Publiée le 15-11-2010

Editorial de Mgr Philippe GUENELEY, Evêque du diocèse de Langres, ce 12 novembre 2010

"En proposant aux catholiques une veillée pour la vie naissante, une veillée qui comporte, entre autres, la célébration des Vêpres et une adoration eucharistique, le pape Benoît XVI entend faire réfléchir sur le grand respect et la défense de la vie humaine depuis son commencement et jusqu'à la fin. Il s'inscrit dans l'héritage du commandement de Dieu qui interdit toute atteinte à la vie. « Tu ne tueras pas » demeure un phare et une exigence éthique pour nos comportements personnels et en société. Il s'inscrit aussi dans la ligne de l'Incarnation de son Fils fait homme, puisque la naissance de Jésus est le Oui de Dieu à la vie humaine. Il rejoint encore son prédécesseur, le pape Jean-Paul II, qui s'est fait le héraut inlassable de la promotion de la culture de la vie, en particulier, dans son Encyclique, L'Évangile de la vie (25 mars 1995). « Défendre et promouvoir la vie, la vénérer et l'aimer, c'est là une tâche que Dieu confie à tout homme » (EV 42).

 

S'il existe une opportunité de porter dans la prière la préoccupation et le devoir de promouvoir la vie à naître, c'est qu'un certain relativisme moral ambiant risque d'émousser le courage des parents, et plus souvent et plus particulièrement des mères, qui font le choix de garder leur enfant et refusent la voie de l'avortement. Le danger est aussi de banaliser une pratique, parce qu'elle est inscrite dans la loi. On sait bien que ce qui est légal n'est pas toujours moral. Le droit de vivre est valable pour ceux-là même qui n'ont pas encore de voix.
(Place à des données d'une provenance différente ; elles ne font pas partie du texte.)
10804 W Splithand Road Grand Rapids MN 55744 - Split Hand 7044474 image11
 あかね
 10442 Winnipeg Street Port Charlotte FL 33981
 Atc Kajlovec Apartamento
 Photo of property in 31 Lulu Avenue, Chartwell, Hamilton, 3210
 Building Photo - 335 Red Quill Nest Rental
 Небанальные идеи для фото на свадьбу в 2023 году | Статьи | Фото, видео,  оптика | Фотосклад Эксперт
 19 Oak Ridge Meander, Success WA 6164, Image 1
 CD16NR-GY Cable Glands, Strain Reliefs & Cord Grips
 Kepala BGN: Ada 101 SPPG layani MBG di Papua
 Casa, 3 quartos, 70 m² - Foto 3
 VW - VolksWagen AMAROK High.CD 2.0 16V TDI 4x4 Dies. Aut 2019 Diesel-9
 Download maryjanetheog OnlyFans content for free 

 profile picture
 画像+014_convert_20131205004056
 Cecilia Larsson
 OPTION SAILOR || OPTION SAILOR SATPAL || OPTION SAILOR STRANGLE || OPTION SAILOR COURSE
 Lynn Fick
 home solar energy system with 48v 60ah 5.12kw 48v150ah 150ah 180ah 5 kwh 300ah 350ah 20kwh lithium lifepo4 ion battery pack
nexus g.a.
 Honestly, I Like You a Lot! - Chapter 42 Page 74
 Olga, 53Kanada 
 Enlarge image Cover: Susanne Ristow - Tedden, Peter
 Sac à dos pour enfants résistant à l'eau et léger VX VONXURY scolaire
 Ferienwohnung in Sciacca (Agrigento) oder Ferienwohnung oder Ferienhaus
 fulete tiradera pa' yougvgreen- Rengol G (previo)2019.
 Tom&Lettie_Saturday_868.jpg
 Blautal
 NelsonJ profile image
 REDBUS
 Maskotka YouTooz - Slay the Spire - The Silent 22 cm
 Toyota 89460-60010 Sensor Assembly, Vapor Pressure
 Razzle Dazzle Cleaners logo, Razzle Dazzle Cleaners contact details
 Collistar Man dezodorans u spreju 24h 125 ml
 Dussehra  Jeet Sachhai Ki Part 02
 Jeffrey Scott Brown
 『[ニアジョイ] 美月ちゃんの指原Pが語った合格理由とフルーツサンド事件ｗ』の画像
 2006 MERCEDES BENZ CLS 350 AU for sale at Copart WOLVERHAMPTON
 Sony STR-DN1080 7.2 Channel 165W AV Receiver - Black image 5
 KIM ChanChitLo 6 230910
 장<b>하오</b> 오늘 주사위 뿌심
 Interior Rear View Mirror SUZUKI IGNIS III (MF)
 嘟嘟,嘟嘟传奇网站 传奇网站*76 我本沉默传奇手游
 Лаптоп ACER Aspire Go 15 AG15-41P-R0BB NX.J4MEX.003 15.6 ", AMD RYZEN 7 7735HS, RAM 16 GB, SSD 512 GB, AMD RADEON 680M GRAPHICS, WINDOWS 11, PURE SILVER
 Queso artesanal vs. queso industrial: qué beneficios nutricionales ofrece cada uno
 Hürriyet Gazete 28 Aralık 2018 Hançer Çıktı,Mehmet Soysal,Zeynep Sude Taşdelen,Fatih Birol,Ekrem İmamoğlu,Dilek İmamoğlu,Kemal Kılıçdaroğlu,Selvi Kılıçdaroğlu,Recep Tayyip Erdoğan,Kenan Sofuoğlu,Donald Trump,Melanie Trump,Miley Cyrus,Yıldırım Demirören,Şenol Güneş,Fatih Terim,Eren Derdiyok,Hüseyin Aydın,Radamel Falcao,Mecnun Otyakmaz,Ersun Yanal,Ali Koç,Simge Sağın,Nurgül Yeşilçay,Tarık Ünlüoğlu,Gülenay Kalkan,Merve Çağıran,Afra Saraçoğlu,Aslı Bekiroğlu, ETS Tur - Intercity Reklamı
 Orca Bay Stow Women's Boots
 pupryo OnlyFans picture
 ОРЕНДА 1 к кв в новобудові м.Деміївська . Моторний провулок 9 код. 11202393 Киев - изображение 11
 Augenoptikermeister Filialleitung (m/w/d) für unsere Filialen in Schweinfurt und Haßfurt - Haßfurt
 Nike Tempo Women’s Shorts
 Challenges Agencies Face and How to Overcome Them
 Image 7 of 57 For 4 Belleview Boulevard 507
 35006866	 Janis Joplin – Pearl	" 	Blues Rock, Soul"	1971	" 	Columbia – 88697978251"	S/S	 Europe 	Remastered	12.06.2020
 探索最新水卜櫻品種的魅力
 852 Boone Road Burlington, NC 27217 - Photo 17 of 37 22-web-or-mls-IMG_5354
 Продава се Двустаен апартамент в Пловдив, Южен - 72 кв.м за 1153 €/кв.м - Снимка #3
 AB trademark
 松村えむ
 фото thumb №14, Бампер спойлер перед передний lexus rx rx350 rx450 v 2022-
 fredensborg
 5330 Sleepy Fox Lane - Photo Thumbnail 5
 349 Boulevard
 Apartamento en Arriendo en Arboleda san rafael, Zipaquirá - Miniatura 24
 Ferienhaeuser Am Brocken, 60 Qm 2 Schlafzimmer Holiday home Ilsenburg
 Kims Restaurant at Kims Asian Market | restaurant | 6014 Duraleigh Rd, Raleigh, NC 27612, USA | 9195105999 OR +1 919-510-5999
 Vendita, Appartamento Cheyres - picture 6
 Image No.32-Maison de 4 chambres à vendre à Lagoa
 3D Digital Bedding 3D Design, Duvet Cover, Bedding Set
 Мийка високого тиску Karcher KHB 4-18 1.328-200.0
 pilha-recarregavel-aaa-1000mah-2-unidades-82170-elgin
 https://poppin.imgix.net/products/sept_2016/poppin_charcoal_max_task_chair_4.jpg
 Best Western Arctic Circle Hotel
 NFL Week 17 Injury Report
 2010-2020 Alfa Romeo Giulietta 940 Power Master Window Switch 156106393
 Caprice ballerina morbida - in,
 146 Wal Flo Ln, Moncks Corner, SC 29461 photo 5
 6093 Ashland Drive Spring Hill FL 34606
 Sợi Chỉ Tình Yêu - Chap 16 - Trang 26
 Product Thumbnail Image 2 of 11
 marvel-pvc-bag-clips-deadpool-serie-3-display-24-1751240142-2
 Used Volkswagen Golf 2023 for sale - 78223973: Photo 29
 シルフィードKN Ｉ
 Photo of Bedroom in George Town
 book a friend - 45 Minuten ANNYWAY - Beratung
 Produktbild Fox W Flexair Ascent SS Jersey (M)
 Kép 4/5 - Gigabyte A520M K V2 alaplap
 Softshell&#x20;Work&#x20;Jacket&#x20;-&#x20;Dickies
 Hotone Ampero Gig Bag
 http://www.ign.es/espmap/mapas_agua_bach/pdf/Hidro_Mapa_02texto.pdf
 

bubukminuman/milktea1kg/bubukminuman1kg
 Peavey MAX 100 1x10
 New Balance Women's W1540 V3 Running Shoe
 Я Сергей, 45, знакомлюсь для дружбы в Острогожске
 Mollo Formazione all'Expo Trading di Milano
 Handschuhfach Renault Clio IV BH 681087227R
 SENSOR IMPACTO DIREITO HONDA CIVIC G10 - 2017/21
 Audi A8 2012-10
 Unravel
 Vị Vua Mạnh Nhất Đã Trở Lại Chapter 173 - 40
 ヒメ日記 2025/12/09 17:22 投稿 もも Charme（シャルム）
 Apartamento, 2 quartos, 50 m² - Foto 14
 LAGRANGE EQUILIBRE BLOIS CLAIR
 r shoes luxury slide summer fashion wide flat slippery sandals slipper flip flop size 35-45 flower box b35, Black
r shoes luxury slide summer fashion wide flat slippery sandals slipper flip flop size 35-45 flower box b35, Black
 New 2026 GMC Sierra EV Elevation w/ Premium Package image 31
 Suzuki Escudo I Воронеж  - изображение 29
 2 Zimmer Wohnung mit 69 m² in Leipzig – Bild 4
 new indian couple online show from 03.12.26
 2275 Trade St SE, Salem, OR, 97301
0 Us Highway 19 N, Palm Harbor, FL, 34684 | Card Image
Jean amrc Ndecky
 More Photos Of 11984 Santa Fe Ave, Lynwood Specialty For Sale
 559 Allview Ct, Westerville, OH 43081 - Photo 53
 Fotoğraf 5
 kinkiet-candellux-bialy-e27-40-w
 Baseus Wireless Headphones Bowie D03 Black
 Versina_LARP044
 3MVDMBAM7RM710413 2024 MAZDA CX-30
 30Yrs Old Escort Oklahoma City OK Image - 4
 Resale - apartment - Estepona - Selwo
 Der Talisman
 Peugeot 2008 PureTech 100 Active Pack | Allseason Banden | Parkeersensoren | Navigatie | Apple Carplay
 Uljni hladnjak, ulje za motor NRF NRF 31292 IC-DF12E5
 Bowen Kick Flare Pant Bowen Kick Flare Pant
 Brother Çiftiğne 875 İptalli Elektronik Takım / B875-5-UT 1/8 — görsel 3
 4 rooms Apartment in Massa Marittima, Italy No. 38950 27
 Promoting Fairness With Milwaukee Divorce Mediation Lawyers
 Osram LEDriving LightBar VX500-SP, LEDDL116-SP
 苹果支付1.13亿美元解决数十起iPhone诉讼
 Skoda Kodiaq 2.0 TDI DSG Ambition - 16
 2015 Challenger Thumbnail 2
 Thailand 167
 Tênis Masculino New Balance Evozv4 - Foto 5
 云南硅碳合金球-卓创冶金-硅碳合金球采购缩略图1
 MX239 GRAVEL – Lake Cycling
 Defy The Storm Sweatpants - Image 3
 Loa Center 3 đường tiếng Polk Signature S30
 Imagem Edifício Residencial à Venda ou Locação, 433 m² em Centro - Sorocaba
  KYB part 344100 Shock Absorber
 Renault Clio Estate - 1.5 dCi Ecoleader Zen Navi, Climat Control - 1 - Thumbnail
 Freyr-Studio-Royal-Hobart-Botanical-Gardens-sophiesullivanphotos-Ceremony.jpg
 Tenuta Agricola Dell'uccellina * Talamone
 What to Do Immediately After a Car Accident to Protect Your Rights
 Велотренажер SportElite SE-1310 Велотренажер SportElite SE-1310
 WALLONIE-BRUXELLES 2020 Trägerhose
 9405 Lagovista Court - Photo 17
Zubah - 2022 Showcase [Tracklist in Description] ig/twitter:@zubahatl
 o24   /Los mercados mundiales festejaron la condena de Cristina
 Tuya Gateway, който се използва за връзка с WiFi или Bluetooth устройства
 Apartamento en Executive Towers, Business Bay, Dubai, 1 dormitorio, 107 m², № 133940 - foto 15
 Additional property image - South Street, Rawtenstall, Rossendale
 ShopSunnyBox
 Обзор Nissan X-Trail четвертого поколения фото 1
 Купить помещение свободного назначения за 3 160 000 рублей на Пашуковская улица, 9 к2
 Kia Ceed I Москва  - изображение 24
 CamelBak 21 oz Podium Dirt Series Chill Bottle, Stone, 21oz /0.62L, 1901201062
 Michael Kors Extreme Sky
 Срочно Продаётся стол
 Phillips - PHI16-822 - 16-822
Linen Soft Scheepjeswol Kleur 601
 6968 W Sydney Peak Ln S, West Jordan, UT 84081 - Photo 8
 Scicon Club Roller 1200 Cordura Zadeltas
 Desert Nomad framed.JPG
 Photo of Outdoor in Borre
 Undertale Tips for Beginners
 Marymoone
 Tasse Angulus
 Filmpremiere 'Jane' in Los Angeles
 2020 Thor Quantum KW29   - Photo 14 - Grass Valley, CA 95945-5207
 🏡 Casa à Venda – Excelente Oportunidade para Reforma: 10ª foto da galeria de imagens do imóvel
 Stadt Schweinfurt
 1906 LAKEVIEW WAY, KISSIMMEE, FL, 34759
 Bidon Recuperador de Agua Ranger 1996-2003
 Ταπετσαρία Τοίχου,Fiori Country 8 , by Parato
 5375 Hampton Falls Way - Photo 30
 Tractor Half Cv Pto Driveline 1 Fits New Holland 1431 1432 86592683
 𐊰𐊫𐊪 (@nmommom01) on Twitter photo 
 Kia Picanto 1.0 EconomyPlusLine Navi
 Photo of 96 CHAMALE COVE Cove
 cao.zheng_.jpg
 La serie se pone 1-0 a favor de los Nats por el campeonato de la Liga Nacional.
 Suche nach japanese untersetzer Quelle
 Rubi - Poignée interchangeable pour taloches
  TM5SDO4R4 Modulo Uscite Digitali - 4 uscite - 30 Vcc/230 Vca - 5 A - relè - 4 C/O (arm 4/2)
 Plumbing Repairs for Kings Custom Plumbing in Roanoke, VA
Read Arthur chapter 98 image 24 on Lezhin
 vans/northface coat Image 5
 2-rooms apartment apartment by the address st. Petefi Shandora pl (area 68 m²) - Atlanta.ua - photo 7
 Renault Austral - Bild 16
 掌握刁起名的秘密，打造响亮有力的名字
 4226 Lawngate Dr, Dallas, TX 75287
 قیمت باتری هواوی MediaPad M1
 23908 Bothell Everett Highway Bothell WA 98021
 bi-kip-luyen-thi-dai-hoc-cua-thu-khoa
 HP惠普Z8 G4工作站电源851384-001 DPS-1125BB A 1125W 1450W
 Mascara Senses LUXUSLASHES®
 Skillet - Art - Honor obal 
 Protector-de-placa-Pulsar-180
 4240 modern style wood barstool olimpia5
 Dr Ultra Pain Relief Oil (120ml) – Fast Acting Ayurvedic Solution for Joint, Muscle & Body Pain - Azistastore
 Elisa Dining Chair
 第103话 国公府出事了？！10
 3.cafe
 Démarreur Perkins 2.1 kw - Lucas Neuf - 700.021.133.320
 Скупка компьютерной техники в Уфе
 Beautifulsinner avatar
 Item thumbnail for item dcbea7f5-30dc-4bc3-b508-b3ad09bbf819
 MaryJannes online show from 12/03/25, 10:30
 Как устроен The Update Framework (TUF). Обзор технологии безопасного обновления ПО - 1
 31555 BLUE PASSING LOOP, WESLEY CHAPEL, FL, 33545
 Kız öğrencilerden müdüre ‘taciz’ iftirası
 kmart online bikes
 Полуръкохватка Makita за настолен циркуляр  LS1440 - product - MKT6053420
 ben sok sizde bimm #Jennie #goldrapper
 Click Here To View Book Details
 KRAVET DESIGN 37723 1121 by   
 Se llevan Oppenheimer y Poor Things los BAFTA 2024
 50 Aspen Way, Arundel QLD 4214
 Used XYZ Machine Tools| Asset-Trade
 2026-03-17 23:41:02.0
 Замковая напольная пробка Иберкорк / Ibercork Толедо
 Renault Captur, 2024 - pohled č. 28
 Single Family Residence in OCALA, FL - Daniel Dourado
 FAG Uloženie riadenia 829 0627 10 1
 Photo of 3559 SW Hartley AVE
L'Église ne doit-elle pas parfois être la voix des sans-voix, des plus vulnérables, des plus faibles ? Pour des parents chrétiens, le oui à la vie est l'expression de l'amour qui les habite : « Il est contraire à l'amour humain, à la vocation profonde de l'homme et de la femme, de fermer systématiquement sa propre union au don de la vie et, encore plus, de supprimer ou de manipuler la vie qui naît. » (1)

 

Par ailleurs, certains soulignent que l'avenir est sombre et incertain et s'interrogent : « Est-il raisonnable et envisageable de donner la vie à un enfant, pour lequel on suppose qu'il lui sera difficile d'avoir une vie vraiment humaine ? » Cette question-objection n'envisage souvent la vie que sous l'aspect biologique, social, économique ou environnemental. Sans négliger pour autant ces aspects, la vie humaine a un sens, parce qu'elle donnée par Dieu, parce que toute personne humaine est créée par Dieu et qu'elle est appelée à vivre de l'amour que Dieu lui offre et à entrer en communion avec le Christ, en particulier, par le baptême. (2) Son avenir prend sens. Toute personne, même handicapée dans sa chair, dans son mental, dans son environnement, demeure une personne humaine, capable d'aimer et d'être aimée. Cela n'a pas de prix ou plutôt est d'un grand prix.

 

Enfin, il convient de souligner qu'un avortement ne peut devenir un acte anodin ou soit pratiqué par eugénisme, pour sélectionner des enfants sans défaut. En réalité, il laisse des traces chez les femmes qui y ont recours et engendre des souffrances psychiques et des blessures. C'est pourquoi, il faut accompagner les femmes qui désirent donner naissance à un enfant et dont l'entourage les pousse à le refuser. Elles ne doivent pas rester seules à affronter les difficultés qui se présentent à elles. Je suis étonné par le combat que certains mènent pour conserver certaines espères animales en voie de disparition et l'indifférence pour défendre la vie humaine en ses débuts. Comme l'a dit le psychanalyste Tony Anatrella : « On se demande parfois si on ne protège pas davantage les œufs de certaines espèces que l'embryon humain. » (3) Un accompagnement est important pour les femmes qui ont eu recours à l'IVG, afin qu'elles se reconstruisent après le traumatisme qui les a marqué à l'intérieur d'elles-mêmes.

 

Ces réalités humaines graves mettent en jeu des personnes et ne peuvent pas être abordées à la légère. Ceux et celles qui croient à la vie, à la beauté de la vie humaine de l'enfant dès sa conception, sauront trouver les chemins, face aux difficultés, pour favoriser le maintien de la vie humaine commençante et fragile. (4) La prière de l'Église ne sera pas superflue.

 

+ Philippe GUENELEY

 

(1) Benoît XVI, Discours, 6 juin 2005. (2) Benoît XVI, Voici quel est notre Dieu, Plon, 2001, p.281. (3) Fondation Jérôme Lejeune, 30 ans après, Supplément n°7, mars 2005, p.2. (4) Cf. Congrégation pour la Doctrine de la Foi, Instruction Donum vitae : « L'être humain doit être respecté et traité comme une personne dès sa conception, et donc dès ce moment ; on doit lui reconnaître des droits de la personne, parmi lesquels en premier lieu le droit inviolable de tout être humain in nocent à la vie. » (I, 1)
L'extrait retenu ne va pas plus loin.